When a writer composes his or her memoirs while in prison awaiting execution, we owe it to ourselves to consider what they have to say.  It may be a cliché that the prospect of death focuses the memory and concentration, but it is a cliché that is powerfully true.  In Chapter 5 of Thirty-Seven, I discussed the fate of Boethius, who wrote his Consolation of Philosophy while languishing in a dungeon (and awaiting execution) for a crime he did not commit.  I recently heard of another last testament written during captivity:  the poignant memoirs of Jeanne Manon Roland (1754–1793), known to history simply as Madame Roland.
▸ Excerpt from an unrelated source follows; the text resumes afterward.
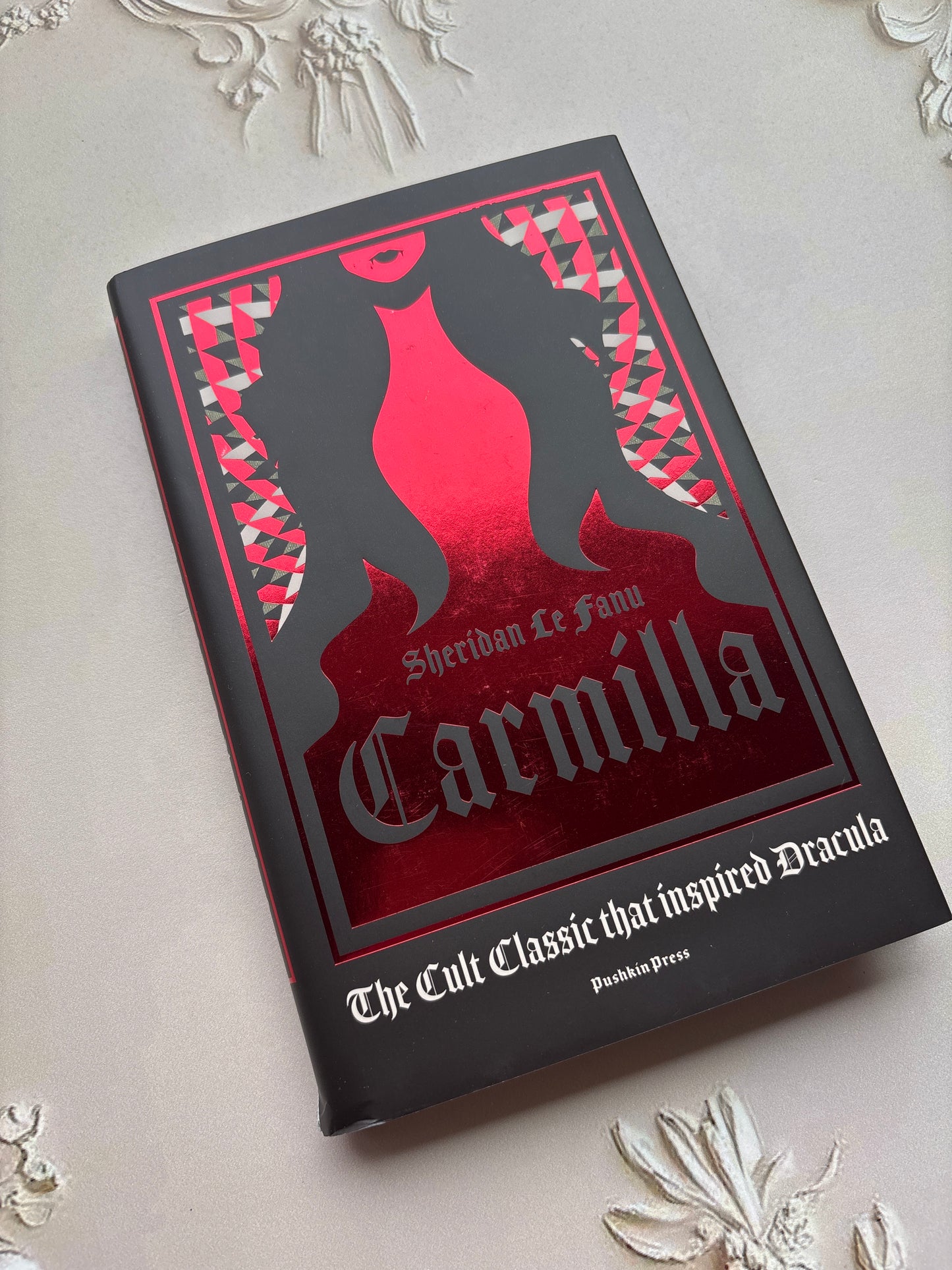 Carmilla by Joseph Sheridan Lefanu, Carmen Maria Machado (Editor)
It is not a name that most readers are likely to be familiar with.  She was a political figure who, together with her husband Jean-Marie Roland de la Platiere, played a minor role in the turbulent factional politics of the French Revolution.  She was a supporter of the Revolution, but also a moderate and in some ways a traditionalist.  But as the fires of fanaticism consumed Paris in the early 1790s, moderates often found themselves on the receiving end of suspicions, calumnies, and hostility.  As she so aptly said later,

On the throne today; tomorrow in irons.  That is the common lot of the virtuous in time of revolution.  When the people first rise up against oppression, wise men who have shown them the way and helped them to recover their rights come to power.  But they do not stay there long.  More ambitious characters soon emerge, flatter and delude the people and turn them against their true defenders.

She was born Marie-Jeanne Phlippon in Paris to a family of sufficient resources to provide for her education, something that was not common for women in those days.  She showed an early aptitude for history and philosophy, consuming volumes by Plutarch, Voltaire, Montesquieu, and a number of authors from the classical canon.  These gave her a humanistic outlook on life and an appreciation for the role of character and moral duties in history.  In 1780 she married Jean-Marie Roland de la Platiere; he was twenty years older than she, but the match was apparently a successful one.  When the revolution burst forth in 1789, she and her husband first joined the radical Jacobin faction, but then, displeased with its excesses, moved to the more moderate Girondist party.

Her outspokenness and influence over her husband did not endear her to the radicals.  As the terror mounted, and arrests and executions became the order of the day, she along with many other would be swept away by the tides of hysteria.  In June 1793 she was arrested for “treason” and thrown in jail; and there, writing on seven hundred small sheets of paper, she penned her biography for posterity.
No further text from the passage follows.